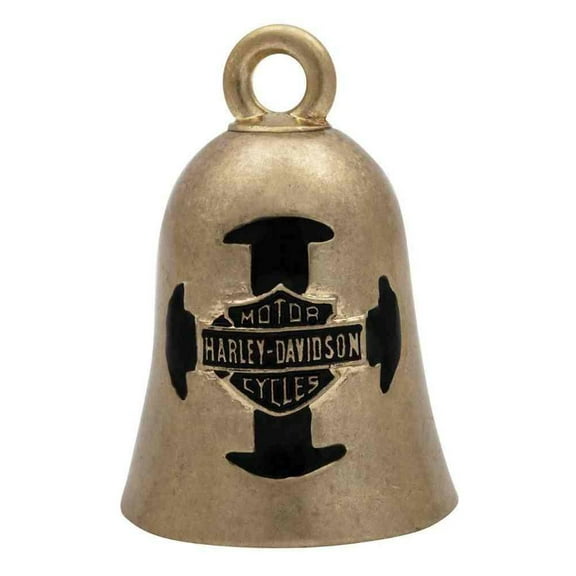 Harley-Davidson Bar & Shield Cross Ride Bell, Gold Durable Zinc HRB058, Harley Davidson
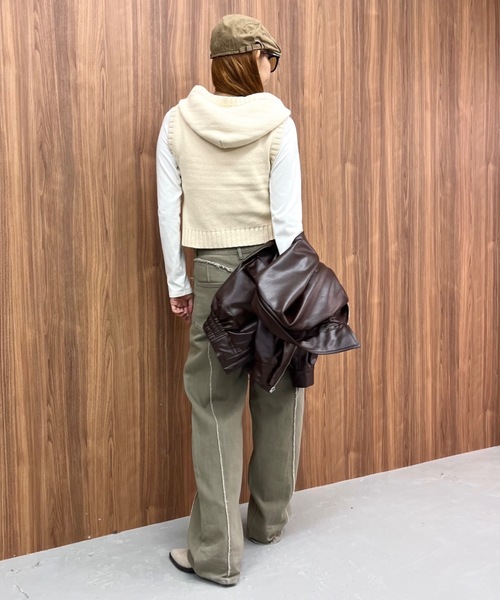 SHAGGIE（シャギー）の「フード付きダブルファスナーニットベスト（ベスト・レディース・ブラック/ナチュラル/カーキ・FREE）」の21枚目の写真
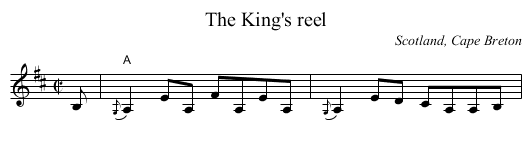 The King's reel - staff notation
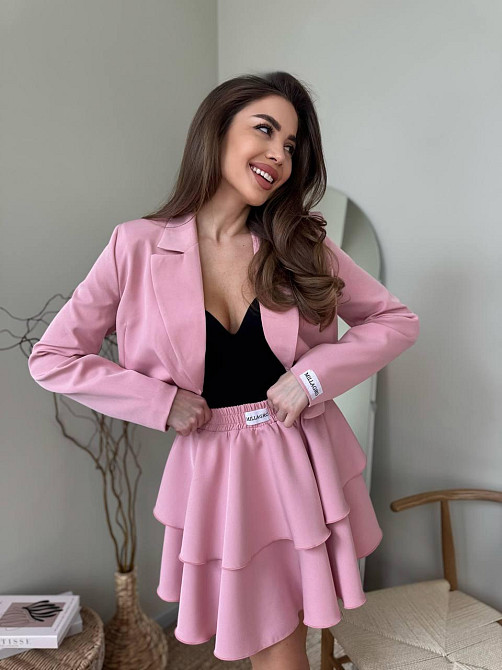 Женский стильный костюм двойка: пиджак и юбка креп-костюмка + подкладка Пудра, 46/48 Одесса - изображение 4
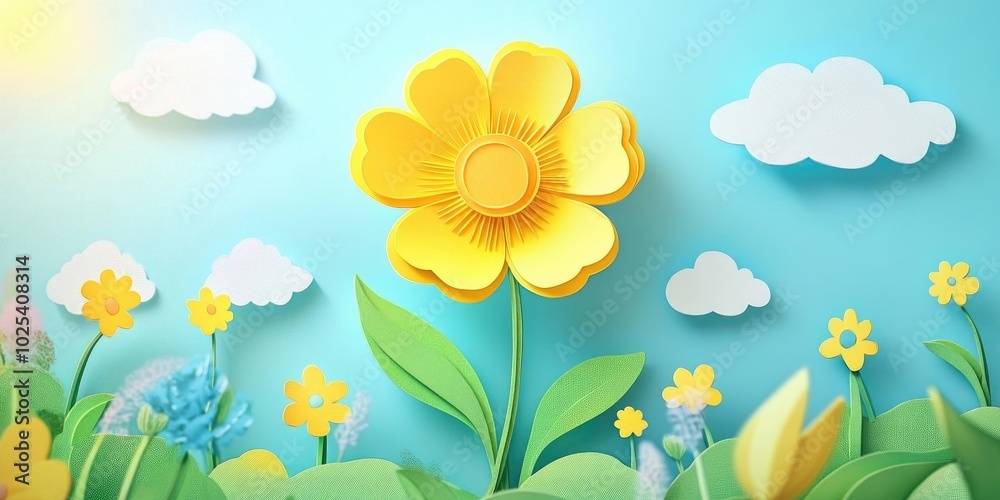 Yellow flower in full bloom during the spring season, Yellow flower blooming in spring Yellow flower in full bloom during the spring season, Yellow flower blooming in spring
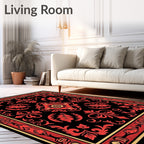 Vibrant Red Floral Medallion Centerpiece Rug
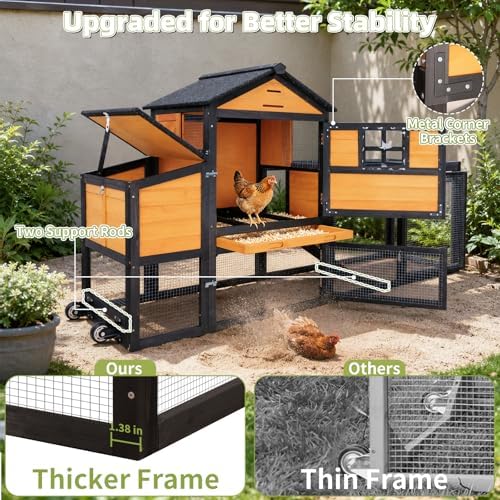 Chicken Coop with Run for 4-6 Chickens, Outdoor Mobile Hen House with Wheels, Easy Clean Nesting Box and Tray, Waterproof Asphalt Roof, Better Airflow, Wooden Poultry Cage, Brown, 81.5"x25.6"x44.1" - Image 5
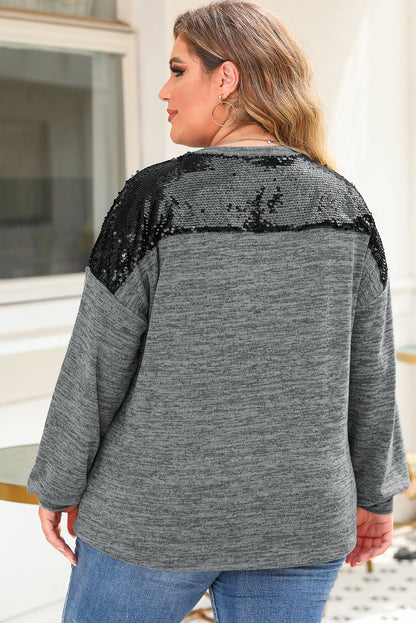 Wholesale Gray Sequin Patchwork Long Sleeve Plus Size Top - Eloy Royal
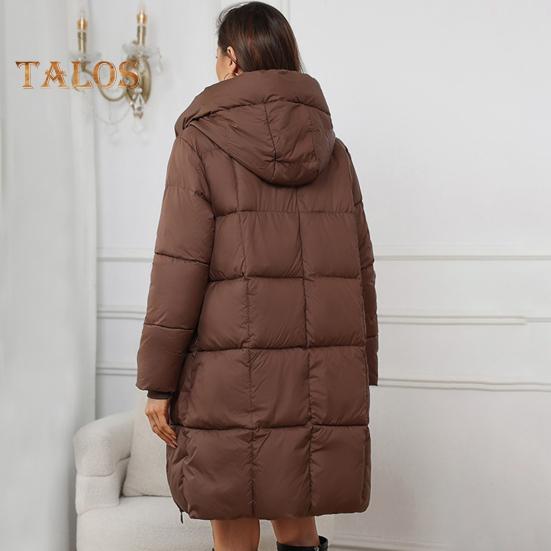 Damska kurtka zimowa z kapturem, gruba, ocieplana, puchowa, wąska talia, zapięcie na zamek błyskawiczny, średniej długości, wiatroszczelna, zimowa, bawełniana kurtka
******************************
• WORK ITEM: Set down the records exactly, without the pictures.

• REPLY TO THE EXERCISE:
 Harley-Davidson Bar & Shield Cross Ride Bell, Gold Durable Zinc HRB058, Harley Davidson
 SHAGGIE（シャギー）の「フード付きダブルファスナーニットベスト（ベスト・レディース・ブラック/ナチュラル/カーキ・FREE）」の21枚目の写真
 The King's reel - staff notation
 Женский стильный костюм двойка: пиджак и юбка креп-костюмка + подкладка Пудра, 46/48 Одесса - изображение 4
 Yellow flower in full bloom during the spring season, Yellow flower blooming in spring Yellow flower in full bloom during the spring season, Yellow flower blooming in spring
 Vibrant Red Floral Medallion Centerpiece Rug
 Chicken Coop with Run for 4-6 Chickens, Outdoor Mobile Hen House with Wheels, Easy Clean Nesting Box and Tray, Waterproof Asphalt Roof, Better Airflow, Wooden Poultry Cage, Brown, 81.5"x25.6"x44.1" - Image 5
 Wholesale Gray Sequin Patchwork Long Sleeve Plus Size Top - Eloy Royal
 Damska kurtka zimowa z kapturem, gruba, ocieplana, puchowa, wąska talia, zapięcie na zamek błyskawiczny, średniej długości, wiatroszczelna, zimowa, bawełniana kurtka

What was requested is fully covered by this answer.